ASSIGNMENT: Stop after the line containing "Wristband for GO"; retype every line of the data before it exactly, starting from the first.

(Short descriptive text snippets)

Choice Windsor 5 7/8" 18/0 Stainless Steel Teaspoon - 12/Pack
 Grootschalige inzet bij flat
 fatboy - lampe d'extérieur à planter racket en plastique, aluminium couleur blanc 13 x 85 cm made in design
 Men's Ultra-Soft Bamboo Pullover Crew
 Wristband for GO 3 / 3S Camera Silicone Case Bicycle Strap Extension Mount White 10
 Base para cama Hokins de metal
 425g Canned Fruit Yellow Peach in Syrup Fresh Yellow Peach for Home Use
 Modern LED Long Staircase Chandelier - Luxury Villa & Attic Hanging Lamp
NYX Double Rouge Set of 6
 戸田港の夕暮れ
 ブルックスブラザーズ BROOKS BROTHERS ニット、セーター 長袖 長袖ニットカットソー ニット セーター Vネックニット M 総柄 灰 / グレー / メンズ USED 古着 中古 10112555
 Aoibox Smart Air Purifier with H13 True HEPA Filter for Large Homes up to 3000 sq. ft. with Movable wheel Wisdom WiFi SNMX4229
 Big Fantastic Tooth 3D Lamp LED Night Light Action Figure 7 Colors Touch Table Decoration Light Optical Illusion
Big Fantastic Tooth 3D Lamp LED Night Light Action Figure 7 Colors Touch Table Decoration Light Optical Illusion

RESULT OF THE TASK:
Choice Windsor 5 7/8" 18/0 Stainless Steel Teaspoon - 12/Pack
 Grootschalige inzet bij flat
 fatboy - lampe d'extérieur à planter racket en plastique, aluminium couleur blanc 13 x 85 cm made in design
 Men's Ultra-Soft Bamboo Pullover Crew
 Wristband for GO 3 / 3S Camera Silicone Case Bicycle Strap Extension Mount White 10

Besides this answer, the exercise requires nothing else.